## Exercise goal
Everything below from the line with "Authentic Mexico 1993" through the line with "Madewell, the perfect" should be copied exactly, and nothing else; leave out the pictures.

## Records
Segment Open

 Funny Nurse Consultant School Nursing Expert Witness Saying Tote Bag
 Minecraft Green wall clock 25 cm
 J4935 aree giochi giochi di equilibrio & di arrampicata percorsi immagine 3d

Segment Closed
Segment Open

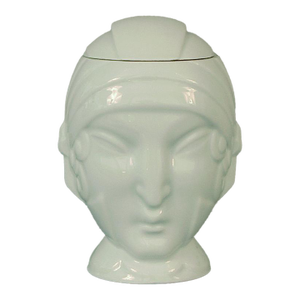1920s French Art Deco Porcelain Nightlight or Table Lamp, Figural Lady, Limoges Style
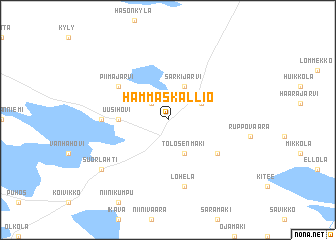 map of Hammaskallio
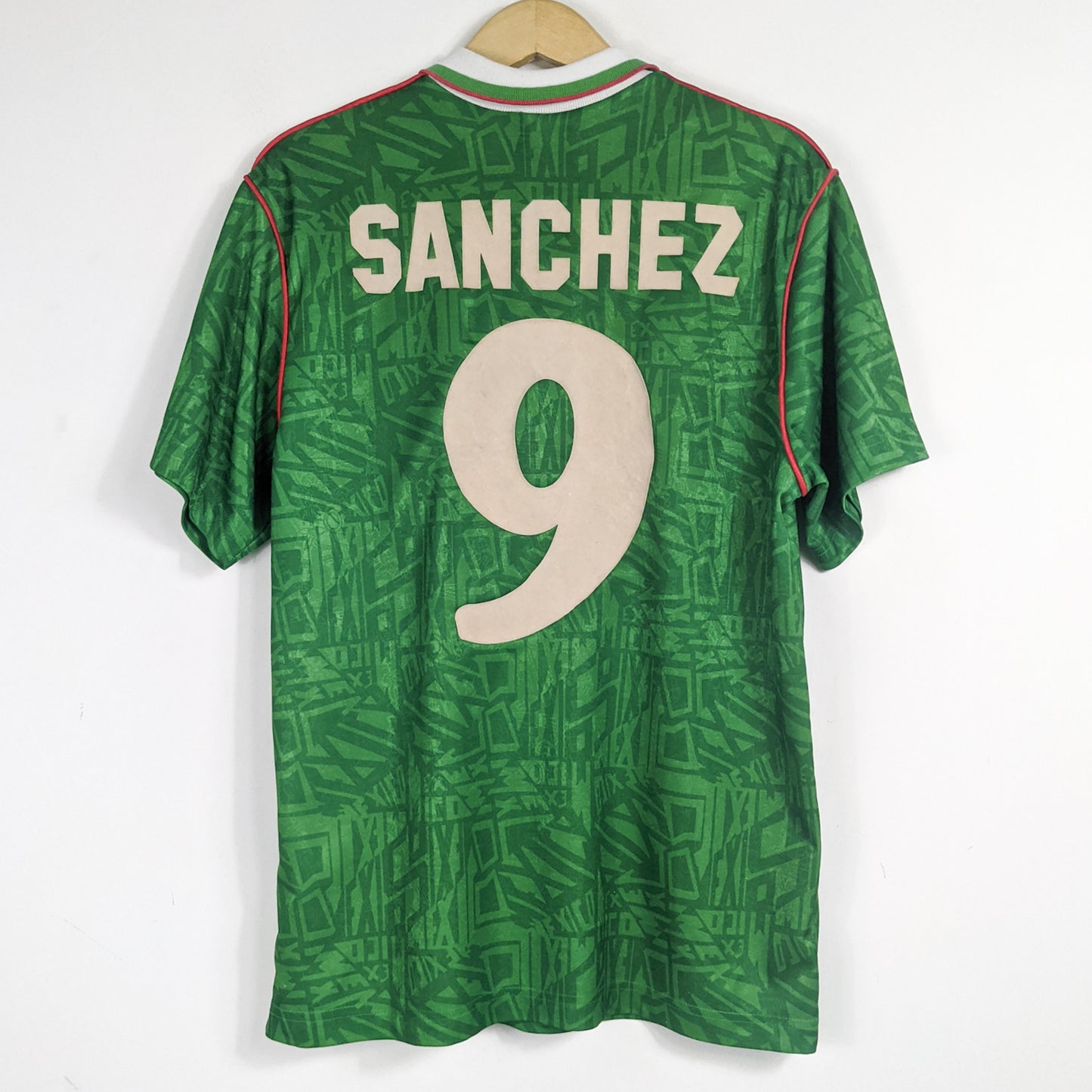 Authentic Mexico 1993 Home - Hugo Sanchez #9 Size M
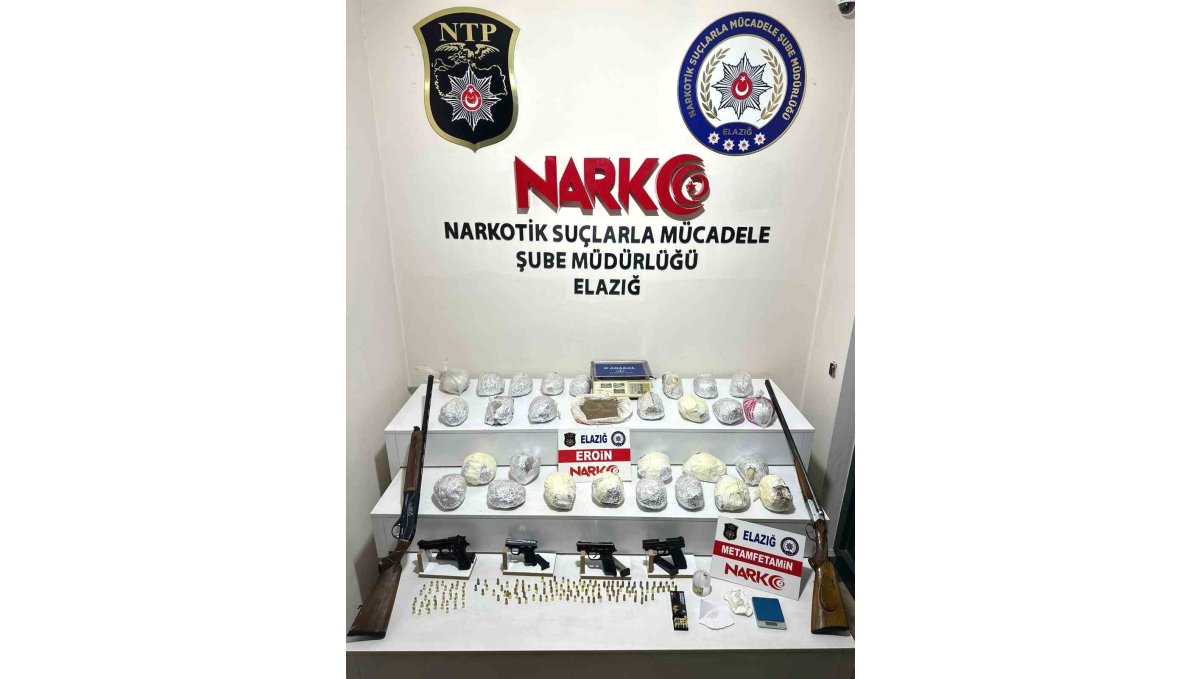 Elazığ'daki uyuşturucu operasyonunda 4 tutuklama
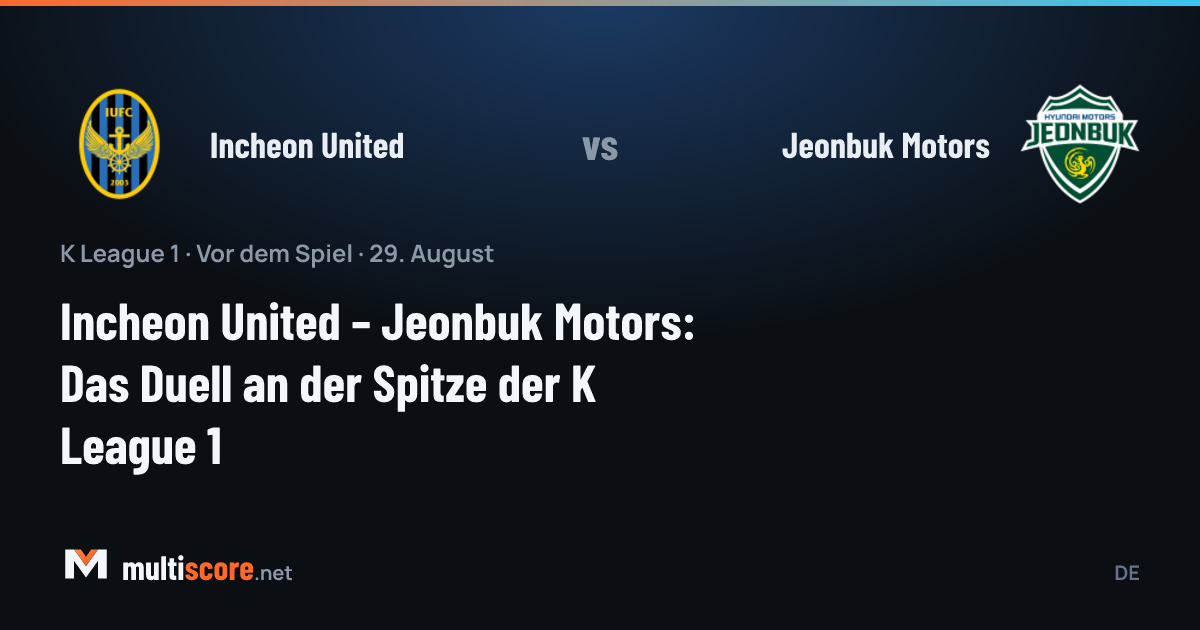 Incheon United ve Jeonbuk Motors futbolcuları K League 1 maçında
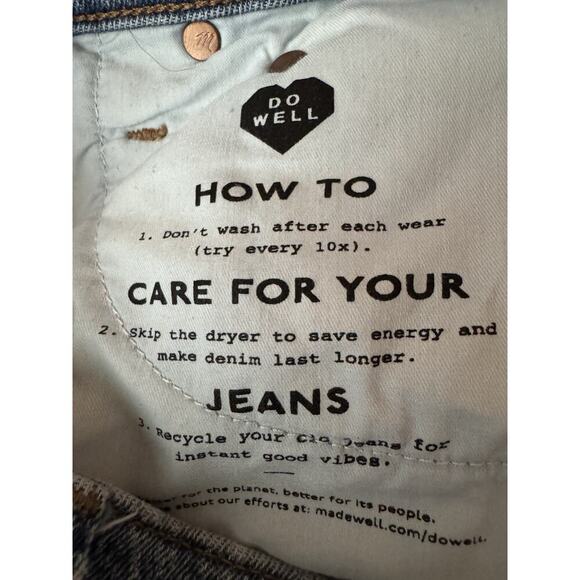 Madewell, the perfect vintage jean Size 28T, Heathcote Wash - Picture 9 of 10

Segment Closed

## Response for this exercise
 Authentic Mexico 1993 Home - Hugo Sanchez #9 Size M
 Elazığ'daki uyuşturucu operasyonunda 4 tutuklama
 Incheon United ve Jeonbuk Motors futbolcuları K League 1 maçında
 Madewell, the perfect vintage jean Size 28T, Heathcote Wash - Picture 9 of 10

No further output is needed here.